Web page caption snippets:
[Start of Attachment]

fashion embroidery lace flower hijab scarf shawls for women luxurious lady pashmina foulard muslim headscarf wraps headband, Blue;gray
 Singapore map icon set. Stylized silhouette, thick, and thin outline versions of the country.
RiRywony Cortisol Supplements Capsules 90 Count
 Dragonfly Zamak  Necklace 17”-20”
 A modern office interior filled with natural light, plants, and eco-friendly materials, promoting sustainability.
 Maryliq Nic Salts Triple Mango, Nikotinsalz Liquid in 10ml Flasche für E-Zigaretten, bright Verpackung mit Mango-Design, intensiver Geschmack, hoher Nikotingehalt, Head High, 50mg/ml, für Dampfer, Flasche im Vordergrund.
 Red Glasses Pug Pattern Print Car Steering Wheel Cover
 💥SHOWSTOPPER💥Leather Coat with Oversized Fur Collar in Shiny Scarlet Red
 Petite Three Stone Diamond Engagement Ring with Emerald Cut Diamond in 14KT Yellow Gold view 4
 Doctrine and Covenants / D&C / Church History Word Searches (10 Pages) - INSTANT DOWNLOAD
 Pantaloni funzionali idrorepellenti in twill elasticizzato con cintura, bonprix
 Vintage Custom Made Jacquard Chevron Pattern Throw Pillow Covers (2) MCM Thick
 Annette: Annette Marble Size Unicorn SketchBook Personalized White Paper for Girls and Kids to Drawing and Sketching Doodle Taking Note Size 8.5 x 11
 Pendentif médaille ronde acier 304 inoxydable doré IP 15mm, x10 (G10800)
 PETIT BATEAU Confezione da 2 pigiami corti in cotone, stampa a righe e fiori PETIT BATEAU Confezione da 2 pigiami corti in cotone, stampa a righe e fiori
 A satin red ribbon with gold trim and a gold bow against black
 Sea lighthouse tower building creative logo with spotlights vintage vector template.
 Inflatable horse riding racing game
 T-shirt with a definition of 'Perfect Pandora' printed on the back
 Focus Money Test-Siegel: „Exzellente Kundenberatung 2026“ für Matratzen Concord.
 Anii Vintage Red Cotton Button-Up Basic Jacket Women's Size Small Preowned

[End of Attachment]

TASK OBJECTIVE - Quote every line of the records above, from the first down to the one holding "Pendentif médaille ronde", exactly as written.

EXERCISE SOLUTION -
fashion embroidery lace flower hijab scarf shawls for women luxurious lady pashmina foulard muslim headscarf wraps headband, Blue;gray
 Singapore map icon set. Stylized silhouette, thick, and thin outline versions of the country.
RiRywony Cortisol Supplements Capsules 90 Count
 Dragonfly Zamak  Necklace 17”-20”
 A modern office interior filled with natural light, plants, and eco-friendly materials, promoting sustainability.
 Maryliq Nic Salts Triple Mango, Nikotinsalz Liquid in 10ml Flasche für E-Zigaretten, bright Verpackung mit Mango-Design, intensiver Geschmack, hoher Nikotingehalt, Head High, 50mg/ml, für Dampfer, Flasche im Vordergrund.
 Red Glasses Pug Pattern Print Car Steering Wheel Cover
 💥SHOWSTOPPER💥Leather Coat with Oversized Fur Collar in Shiny Scarlet Red
 Petite Three Stone Diamond Engagement Ring with Emerald Cut Diamond in 14KT Yellow Gold view 4
 Doctrine and Covenants / D&C / Church History Word Searches (10 Pages) - INSTANT DOWNLOAD
 Pantaloni funzionali idrorepellenti in twill elasticizzato con cintura, bonprix
 Vintage Custom Made Jacquard Chevron Pattern Throw Pillow Covers (2) MCM Thick
 Annette: Annette Marble Size Unicorn SketchBook Personalized White Paper for Girls and Kids to Drawing and Sketching Doodle Taking Note Size 8.5 x 11
 Pendentif médaille ronde acier 304 inoxydable doré IP 15mm, x10 (G10800)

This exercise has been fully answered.